Medical device manufacturer Boston Scientific agreed yesterday to acquire Switzerland-based heart valve replacement technology provider Symetis in a $435m all-cash deal that will provide an exit to pharmaceutical firm Novartis.
Founded in 2001, Symetis develops and manufactures percutaneous heart valve replacement products to treat severe cardiac valve conditions.
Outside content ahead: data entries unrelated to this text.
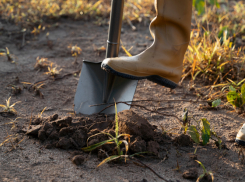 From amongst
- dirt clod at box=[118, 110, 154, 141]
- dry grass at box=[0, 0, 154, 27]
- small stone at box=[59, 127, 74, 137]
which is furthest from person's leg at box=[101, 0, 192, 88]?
dry grass at box=[0, 0, 154, 27]

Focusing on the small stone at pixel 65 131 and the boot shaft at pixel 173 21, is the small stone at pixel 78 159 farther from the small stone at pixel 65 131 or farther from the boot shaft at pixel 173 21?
the boot shaft at pixel 173 21

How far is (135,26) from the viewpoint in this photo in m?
3.80

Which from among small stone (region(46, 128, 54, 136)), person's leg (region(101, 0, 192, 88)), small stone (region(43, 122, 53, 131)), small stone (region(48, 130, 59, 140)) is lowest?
small stone (region(48, 130, 59, 140))

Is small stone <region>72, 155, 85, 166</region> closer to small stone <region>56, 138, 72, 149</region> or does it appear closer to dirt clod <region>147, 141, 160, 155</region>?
small stone <region>56, 138, 72, 149</region>

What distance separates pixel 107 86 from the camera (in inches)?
72.3

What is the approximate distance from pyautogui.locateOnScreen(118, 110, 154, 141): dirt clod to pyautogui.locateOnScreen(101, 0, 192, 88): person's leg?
0.33 metres

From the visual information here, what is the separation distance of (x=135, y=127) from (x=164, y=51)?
63 cm

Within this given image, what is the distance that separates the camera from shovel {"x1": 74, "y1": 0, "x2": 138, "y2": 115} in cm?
182

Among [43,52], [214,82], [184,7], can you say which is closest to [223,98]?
[214,82]

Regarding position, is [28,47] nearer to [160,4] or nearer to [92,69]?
[92,69]

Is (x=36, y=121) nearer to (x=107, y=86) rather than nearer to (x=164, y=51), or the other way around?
(x=107, y=86)

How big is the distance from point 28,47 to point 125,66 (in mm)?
1786

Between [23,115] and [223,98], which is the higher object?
[223,98]

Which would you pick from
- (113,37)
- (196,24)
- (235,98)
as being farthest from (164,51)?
(196,24)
Boston Scientific will add the company’s valves to the range of aortic valvular heart disease treatments it provides through its Lotus platform.
The company filed for a €55.8m ($59.6m) initial public offering on Euronext Paris last week which has now been cancelled.
Symetis had raised $56.7m between 2004 and 2010, including $21.3m in a 2009 series B round co-led by Wellington Partners and Vinci Capital-Renaissance that included Novartis subsidiary Novartis Venture Funds.
Banexi Venture Partners, Aravis Venture, BioMedInvest and Truffle Capital also took part in the series B round, and all the participants returned for a $25.8m series C in 2010 that was co-led by Endeavour Vision and NBGI Ventures.
Switzerland-based telecommunications company Swisscom will also technically exit Symetis through the deal, as the Swiss SME Fund operated by its Swisscom Ventures unit is managed by Vinci Capital.
Jacques R. Essinger, chief executive of Symetis, said: “The global scale and strong legacy of Boston Scientific in interventional cardiology will further propel Symetis’ clinical excellence.
“As a result, we can expect more patients to be better treated for valvular heart disease globally. Moving forward, this means an exciting development path for the Symetis team.”